One of the effects of the global health crisis, as it pertains to real estate, has become establishing a new value formula — the redefining of what people want out of their living space. As many seek to upgrade to a larger property — especially outside urban centres as employees increasingly become untethered from a physical office — combined with several other catalysts, the result is a discrepancy between supply and demand. Consequently, the development community is attempting to respond by releasing new inventory.

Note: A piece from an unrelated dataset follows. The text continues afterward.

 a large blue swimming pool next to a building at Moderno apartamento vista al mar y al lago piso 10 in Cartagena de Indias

Relatively affordable concerning a fully detached dwelling and featuring flexible layouts, ground-oriented townhomes are especially popular. For example, places like the Fraser Valley, where 26 such new projects began selling in 2020, half of those in Langley. As detailed in MLA Canada's Year in Review, the 752 units listed, 335, or 45 percent, had already been spoken for by year-end.
"We saw 2020 come out of the gates more vigorous than ever with optimism for the housing market and new confidence for the consumer. Due to the 2019 lull in sales and new listings, we saw an unseasonably high fall market that perfectly set the stage for a rebound and busy spring 2020 market through to the end of the year. As we look ahead to 2021, we know that the Fraser Valley region will continue to be a desirable location for homeownership," said Brittany Reimer, managing director at MLA Canada, in the report.

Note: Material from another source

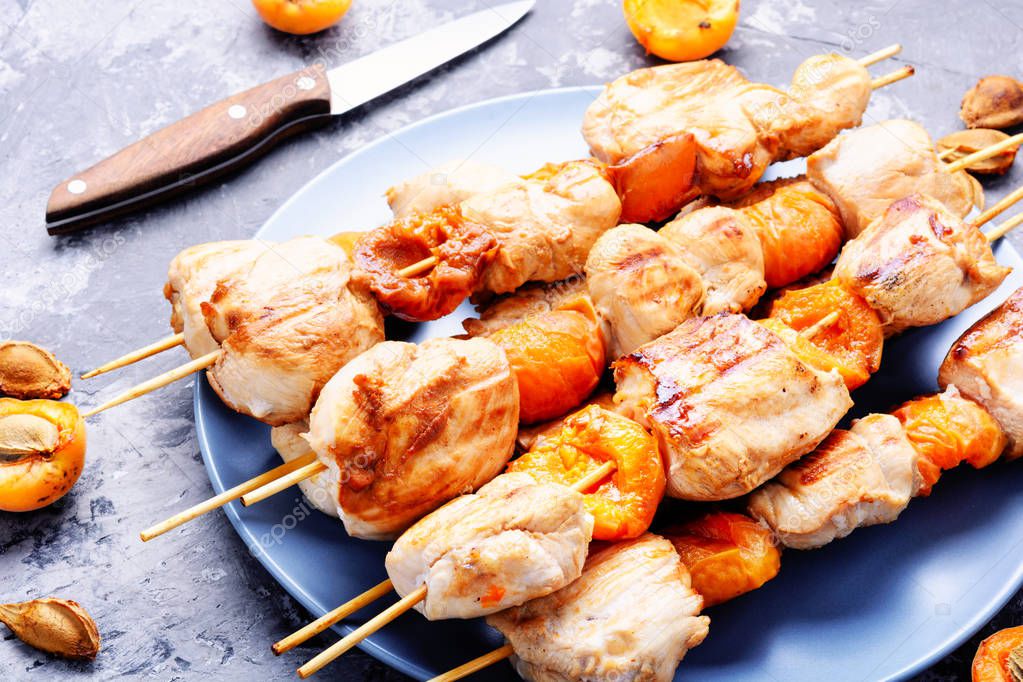 Turkey meat on barbecue grill,cooked on skewers with apricot .BBQFood for a picnic.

During the real estate boom across the Lower Mainland between 2015 and 2017, developers purchased land in high-interest neighbourhoods close to transit centres and shopping malls to build concrete high rises. Some of this product has already launched, and more is expected over the next nine months: in the Burquitlam area alone, MLA Canada anticipates the release of 5,256 units.
However, MLA Canada president Ryan Lalonde says he predicts a rapid escalation of prices due to several market factors' culmination.

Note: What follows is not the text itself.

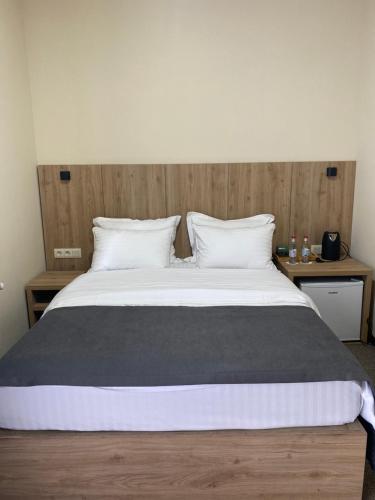 Postel nebo postele na pokoji v ubytování Cone Hotel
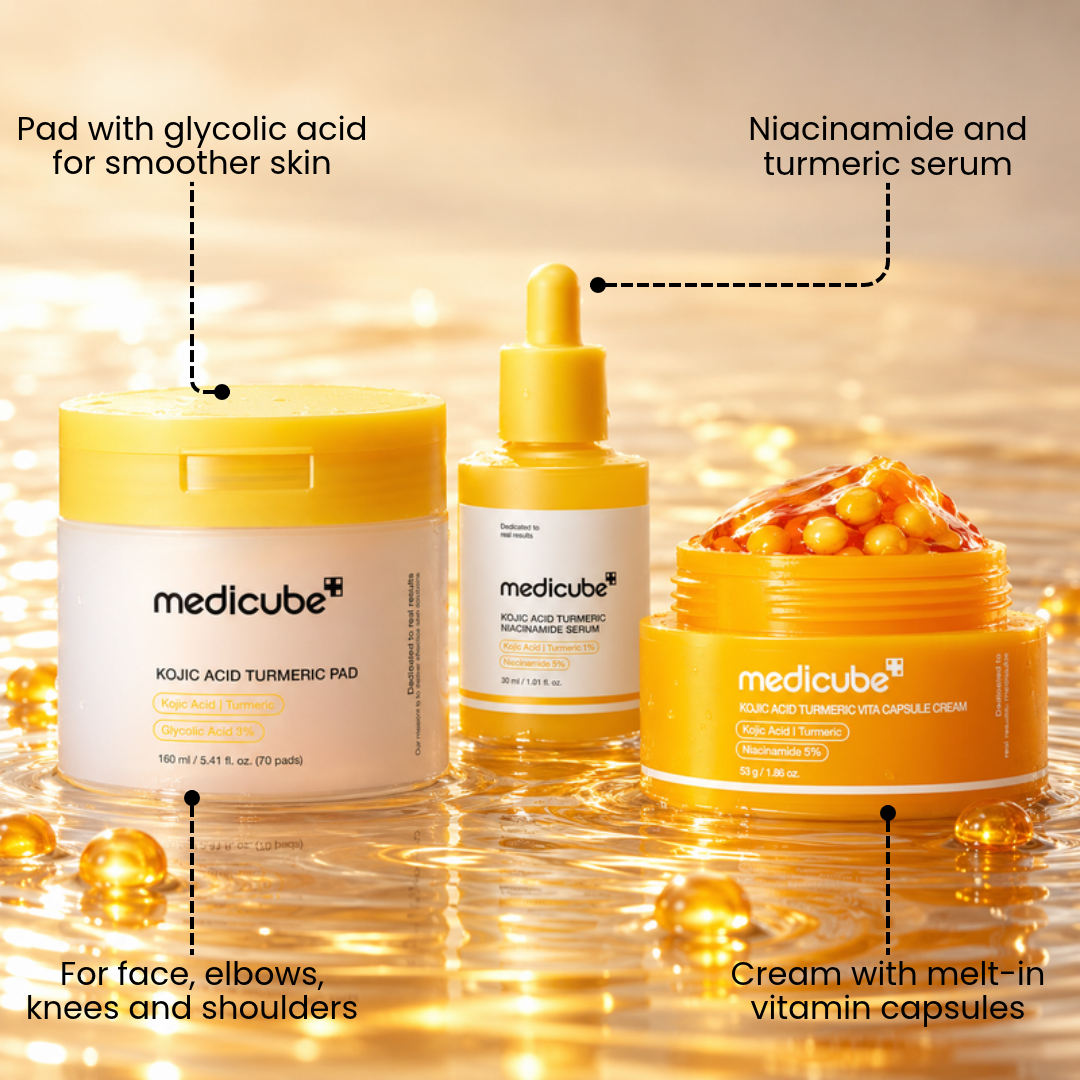 Medicube Kojic Acid Turmeric pad, serum and capsule cream on golden water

"Governments are essentially continuing to print money; we have incredible interest rates that allow the cost of borrowing to be a fraction of what it was just 12 to 24 months ago. You have pent-up demand of almost one-and-a-half years, and so the outcome that we're anticipating for [the rest of] 2021 is far different than what we saw in 2019. And what we even saw in 2020, our expectation is that prices will keep surging and sales ratios will be strong as they've ever been in almost every major market," said Lalonde.
"I think it's hard to imagine with the state of opportunity in front of us, and the fact that our airports are just about to start seeing international travel, how we wouldn't begin to experience a second or third wave of growth into our cities. And not only do we already have constrained supply today, in 2022, 2023 it only gets worse because of the lack of construction that happened in 2018 and 2019.